Os impérios fazem-se com traições. Traições que tem muito a ver sobre a reafectação dos direitos sobre pessoas e os sítios. No entanto essas mesmas traições são também as sementes que precipitam a queda dos impérios, não tanto pela reacção das pessoas e dos sítios traídos mas pela inconsistência entre os novos direitos criados e a vocação restringida das pessoas e dos sítios.
Bom seria que não houvesse traições e que os espaços alargados não destruissem o saber acumulado nas pessoas e nos seus sítios. Mas sempre houve traidores capazes de vender direitos naturais e humanos por trinta dinheiros ou por meia dúzia de anos de poder. Muitos deles dirão que não tinham possibilidade de fazer diferente; muitos deles reinventam princípios que os autodesculpam. Princípios de traição, do género de que “é preciso colaborar com o inevitável”, ou de que “é a vida”, ou mais comum, de que “a culpa não é deles mas do sistema”. Vendo bem todos vamos sendo um pouco traidores. A única diferença é entre os que dão por isso, têm pena tentam melhorar, e aqueles que fazem por não dar por isso sustentados no suposto “inevitável”, na enfadonha “vidinha” ou no omnipresente “sistema”.
Falo-vos disto por causa da criação do Império Europeu. Concretamente quero rflectir sobre o Tratado Reformador Europeu ratificado ontem sem honra e sem glória pelo Parlamento Nacional. A traição subjacente a esta ratificação é bem concreta.
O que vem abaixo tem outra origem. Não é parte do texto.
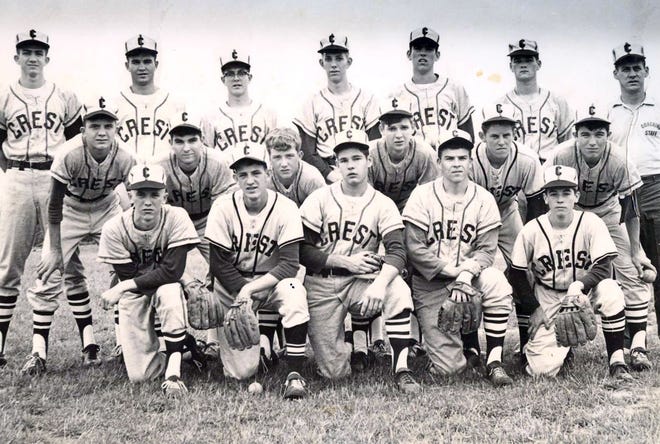 The 1966 Crest Falcons posted an undefeated 18-0 record and captured the 1A state championship under coach Ed Peeler. They would also finish second in 1967. (Courtesy of Harvey Whisnant)
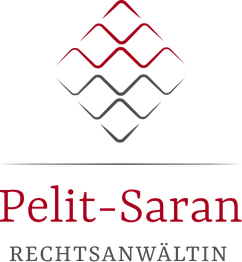 Logo von Pelit-Saran, Rechtsanwältin, mit geometrischen Mustern in Rot und Grau.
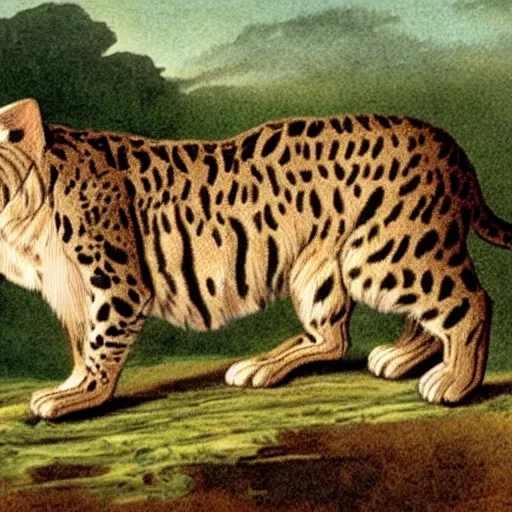 Prompt: an extinct sabertooth cat, cat with huge fangs, naturalist illustration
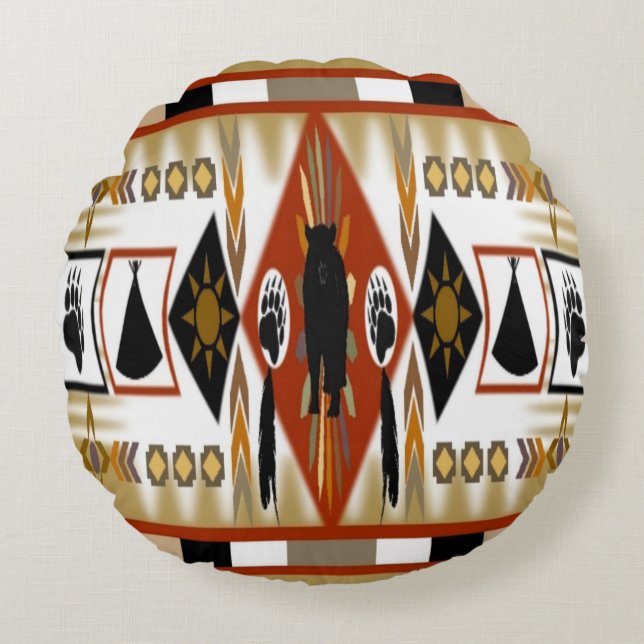 Indianerbärenkranke Rundes Kissen (Vorderseite)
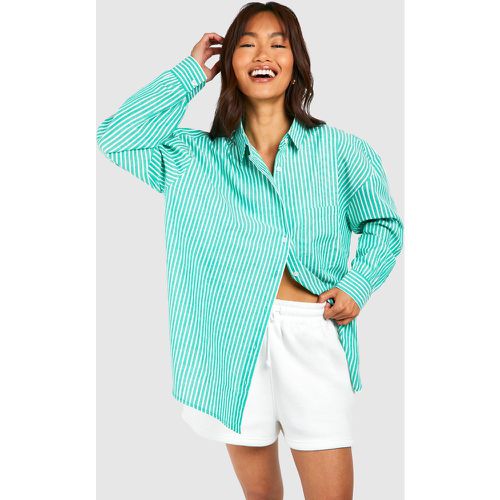 Camisa Oversize De Rayas Finas Con Bolsillos - boohoo - Modalova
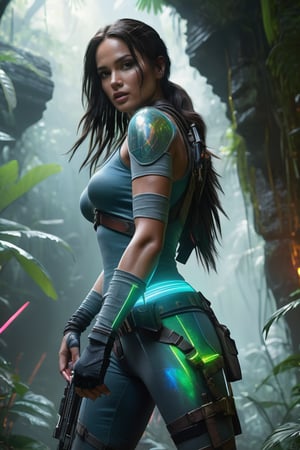 An ultra-realistic full-body depiction of Lara Croft ((Tomb Raider)), long black hair ((Black Eyes)), Latin style, posing next to ruins in the jungle, muscular build, all depicted in extreme detail, Futuristic, is illuminated by a beautiful prism and flash of neon lights, with a medium shot emphasizing his transparent cybernetic armor made of glass, luxurious in red, blue and gold, high-level body suit iridescent details and neon edges, clean colors, avoid duplicate images, her eyes glow and she is equipped with weapons. The backdrop is an ultra-detailed jungle landscape with lots of nature. Artstation HQ, 8K Ultra HD, cinematic quality and 16K resolution
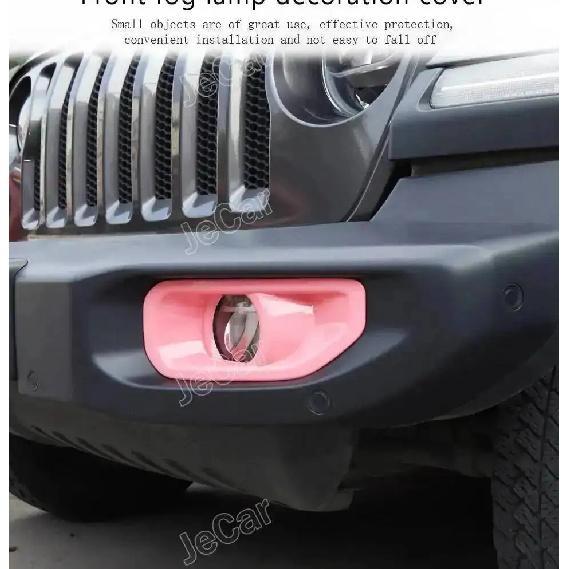 JeCar Car Front Bumper Fog Light Cover Lamp Hoods Decoration For Jeep Wrangler JL JT Gladiator 2018 Up Car Exterior Accessories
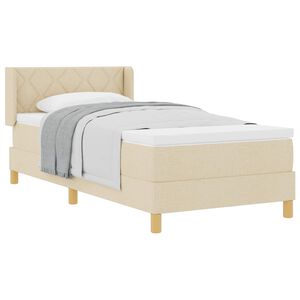 vidaXL Boxspringbed met matras Cr&egrave;me 190 x 90 cm Polyester
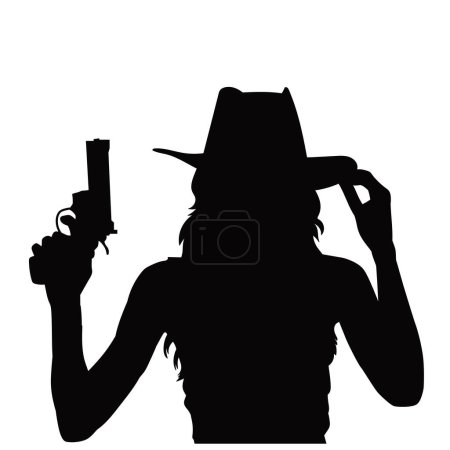 Silhouette eines Cowgirls mit einer Handfeuerwaffe. Silhouette einer Sheriff-Frau mit Pistole.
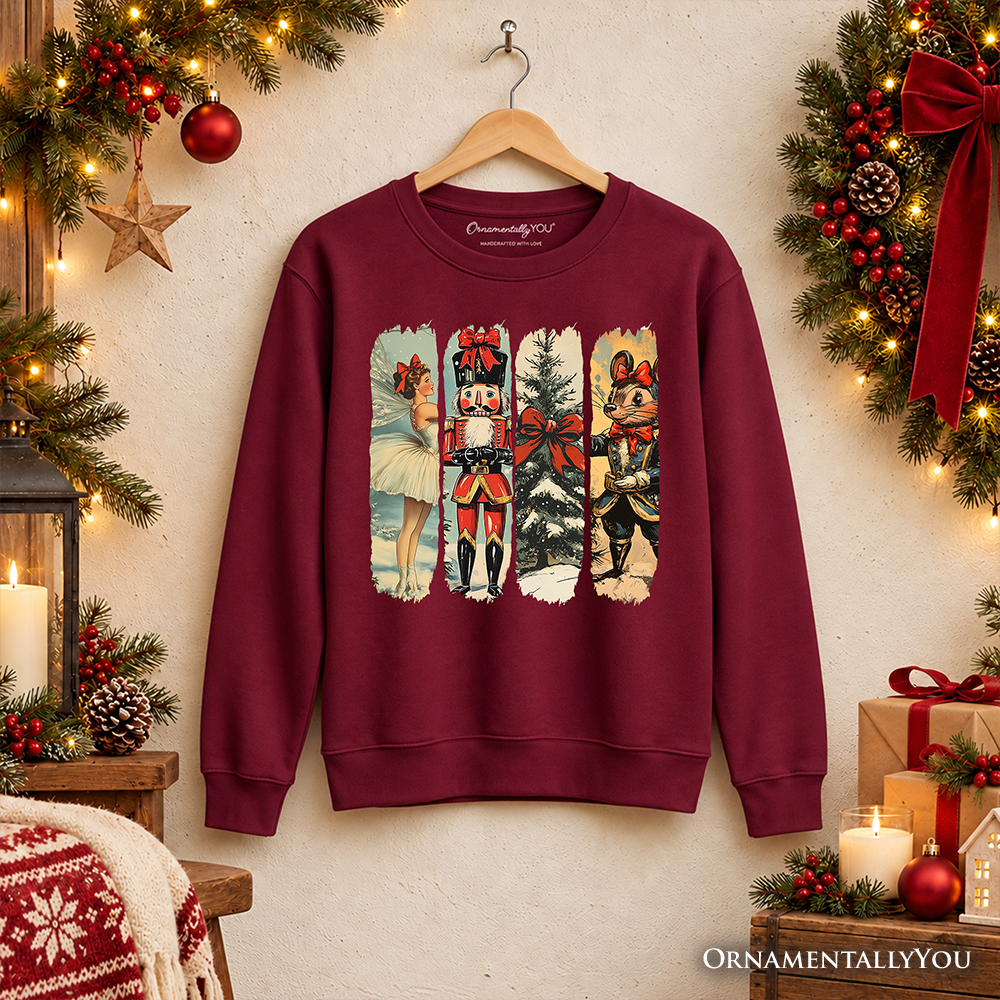 Ballet and Nutcracker Christmas Sweatshirt, Coquette Bow and Mouse Vintage Holiday Sweater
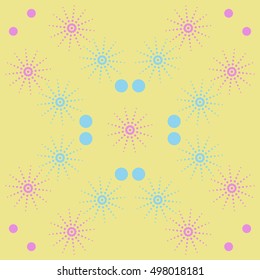 Pattern of   halftone snowflakes, ellipses.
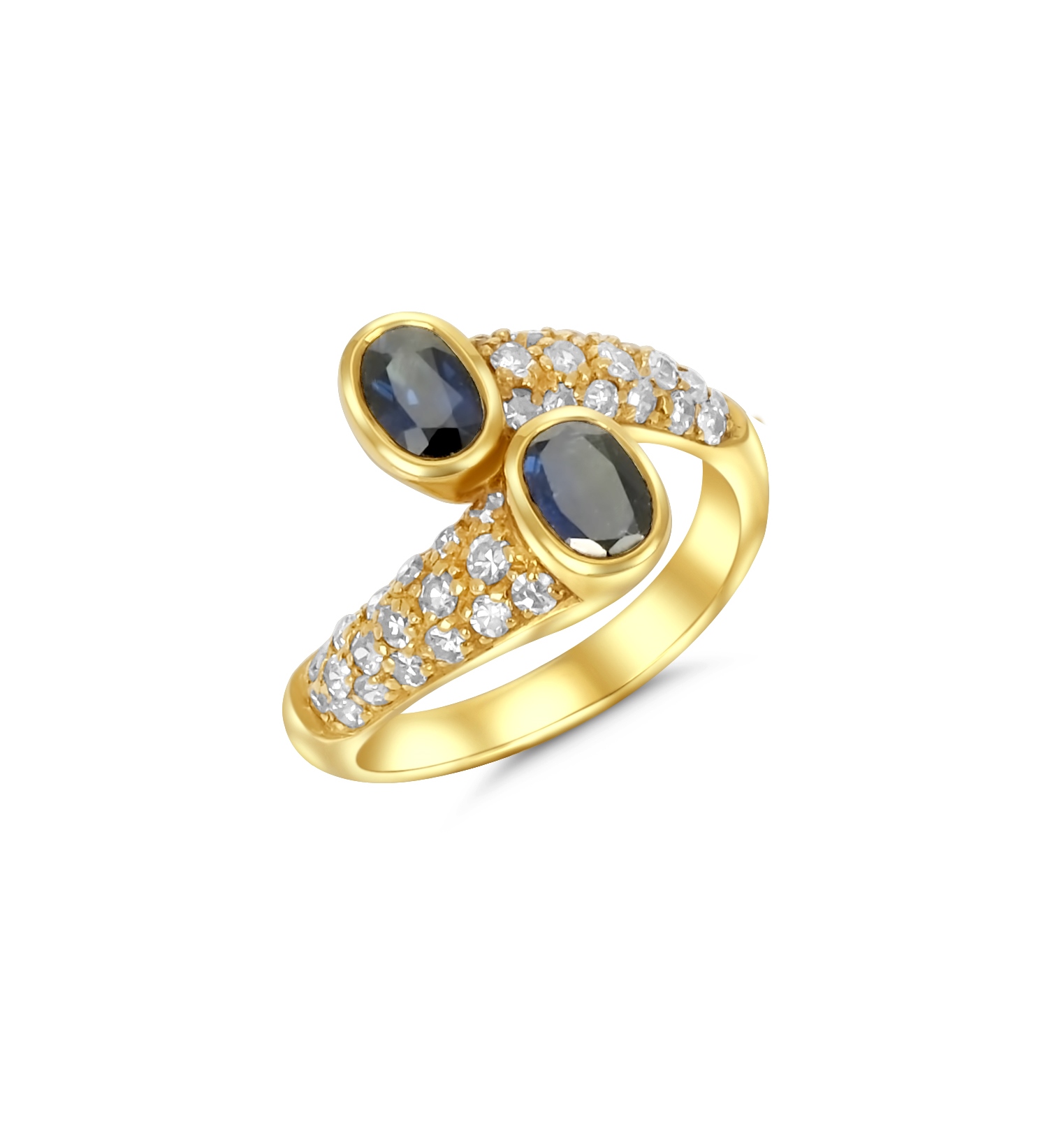 Ring - Saphir - Diamant Pavé 
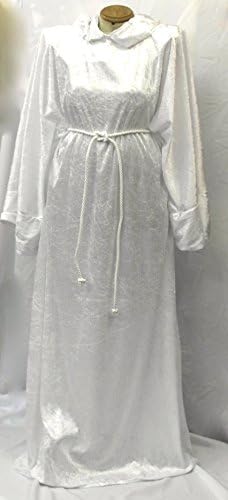 65" Length White Crushed Velvet Robe Adult Size - Pagan/Jedi/Wizard/LARP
Trata-se de transferir para a União Europeia toda a biodiversidade marinha existente no Mar que era português.
Numa altura em que todo o mundo se preocupa em valorar a biodiversidade marinha porque entende a sua função como fornecedor de recursos, garante de vida, regulador do clima, sequestrador de carbono, produtor de oxigénio e factor de resiliência dos ecossistemas, os nossos políticos passam todo este valor e a responsabilidade de gestão para as mãos de uns burocratas de Bruxelas e para as mentes de pessoas para quem a biodiversidade nunca teve a ver com as suas vidas e os com os seus saberes. A traição dos políticos portugueses é má por várias razões: - primeiro, porque troca aquilo que não lhes pertence por mais uns fundos comunitários conjunturais transferidos para financiarem acções de campanha eleitoral; segundo, porque sendo a gestão longínqua pior do que a gestão de proximidade, não parece que a transferência de recursos para a Europa seja garantia da sua gestão sustentável; terceiro porque, não assumindo o âmbito e a responsabilidade da sua traição, os políticos da traição acabam por precipitar de facto o fim da construção europeia cuja vocação sustentável nunca teve a ver com a venda abusiva e criminosa de direitos de propriedade, mas sim com a construção da paz e com a criação de um espaço alargado para o movimento livre de bens, de serviços, de pessoas e de meios financeiros.
O caso é grave porque os nazis e napoleónicos que sonham com a construção do Império Europeu, ou aqueles muitos que são capazes de trair para que aquela enormidade se consubstancie e, a prazo, se destrua, são os mesmos que se recusam a pensar e a fazer pensar. Onde está a investigação sobre a criação do Império Europeu? Onde estão os estudos sobre os efeitos da transferência para Bruxelas da gestão exclusiva da biodiversidade marinha?
Todos os dias nos damos conta dos desastres criados pelo facto de Bruxelas controlar os direitos de propriedade da terra. Os preços dos produtos agrícolas sobem e o mundo passa fome porque aqueles que têm capacidade para produzir são impedidos de o fazer. As zonas de mato natural são arroteadas porque uma lei estúpida de encabeçamento uniformizado, feita paradoxalmente em nome do ambiente, leva os agricultores a arrotearem mais terras. Os países pobres não podem produzir bens agrícola porque os europeus protegem produções ineficientes e por aí fora. Se isto são alguns dos desastres que vemos na gestão da terra quantos estaremos para ver associados à gestão do mar de Bruxelas!?